The strict rules of the common law of England respecting waste and the rights of tenants for life do not obtain here. With us the change in the mode of use is not waste. It is not use, but abuse, that is waste. Waste must be consumption, nor is consumption always waste. The owner of a life-estate has some rights in common with the owner of the fee. There is no substantial reason why, so. far as the use of premises is concerned, there should not be a community of right between the owner of the life-estate and the owner of the reversion.
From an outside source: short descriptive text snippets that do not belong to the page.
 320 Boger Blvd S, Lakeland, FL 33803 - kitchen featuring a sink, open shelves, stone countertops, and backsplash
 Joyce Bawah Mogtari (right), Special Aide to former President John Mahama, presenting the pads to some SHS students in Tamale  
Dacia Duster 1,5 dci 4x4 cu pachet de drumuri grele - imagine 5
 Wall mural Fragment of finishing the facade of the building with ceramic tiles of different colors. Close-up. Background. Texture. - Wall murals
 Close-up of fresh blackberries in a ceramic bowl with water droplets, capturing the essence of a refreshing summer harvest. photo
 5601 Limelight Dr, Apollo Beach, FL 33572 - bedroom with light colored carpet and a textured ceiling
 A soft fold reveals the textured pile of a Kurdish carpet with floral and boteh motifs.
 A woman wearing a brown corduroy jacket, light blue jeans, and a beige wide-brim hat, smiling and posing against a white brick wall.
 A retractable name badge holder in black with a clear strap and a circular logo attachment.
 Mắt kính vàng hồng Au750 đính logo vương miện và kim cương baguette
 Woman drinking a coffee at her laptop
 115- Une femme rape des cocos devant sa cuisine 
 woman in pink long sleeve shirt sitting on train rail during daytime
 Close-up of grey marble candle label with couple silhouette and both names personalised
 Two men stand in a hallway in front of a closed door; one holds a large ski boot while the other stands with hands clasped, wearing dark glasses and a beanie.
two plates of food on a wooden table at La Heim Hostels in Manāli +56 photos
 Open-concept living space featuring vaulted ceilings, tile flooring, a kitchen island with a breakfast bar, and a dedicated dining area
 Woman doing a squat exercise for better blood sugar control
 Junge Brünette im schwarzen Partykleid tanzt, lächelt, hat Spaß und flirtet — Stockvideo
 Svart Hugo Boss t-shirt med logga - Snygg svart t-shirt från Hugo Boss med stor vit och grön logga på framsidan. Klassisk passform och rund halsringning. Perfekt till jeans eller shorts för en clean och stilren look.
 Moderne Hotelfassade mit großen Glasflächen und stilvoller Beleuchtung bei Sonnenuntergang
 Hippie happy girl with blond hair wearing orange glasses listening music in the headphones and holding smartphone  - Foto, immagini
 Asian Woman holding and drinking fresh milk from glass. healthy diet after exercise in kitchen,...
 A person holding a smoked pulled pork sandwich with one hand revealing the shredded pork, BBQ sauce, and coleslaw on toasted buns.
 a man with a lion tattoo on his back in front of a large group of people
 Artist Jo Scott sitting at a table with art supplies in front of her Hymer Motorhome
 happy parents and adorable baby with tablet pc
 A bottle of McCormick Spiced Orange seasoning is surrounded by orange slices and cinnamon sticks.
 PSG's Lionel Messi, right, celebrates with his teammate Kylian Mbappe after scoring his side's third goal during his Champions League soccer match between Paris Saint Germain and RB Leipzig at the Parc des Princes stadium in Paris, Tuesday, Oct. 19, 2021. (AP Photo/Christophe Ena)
Our statute respecting “ dower ” defines it as the use for life of one-third of all the lands of which the husband was seised during the marriage relation. “ Dower ” is defined by the English authorities as the provision which the law makes for a widow out of the lands or tenements of her husband for her support and the nurture of her children. Co. Litt. 305; % Bl. Comm. 130. The rules applicable to a country where landed estates are large and diversified, where the laws of inheritance are exclusive, where the theory of dower is subsistence merely, and where there is a strong disposition to free estates from even that charge, do not obtain in a commonwealth like ours, where estates are small, and the policy of our laws is to distribute them with each generation, where dower is one of the positive institutions of the State, founded *197in policy, and the provision for the widow is a part of the law of distribution, and the aim of the statute is not subsistence alone, but provision commensurate with the estate.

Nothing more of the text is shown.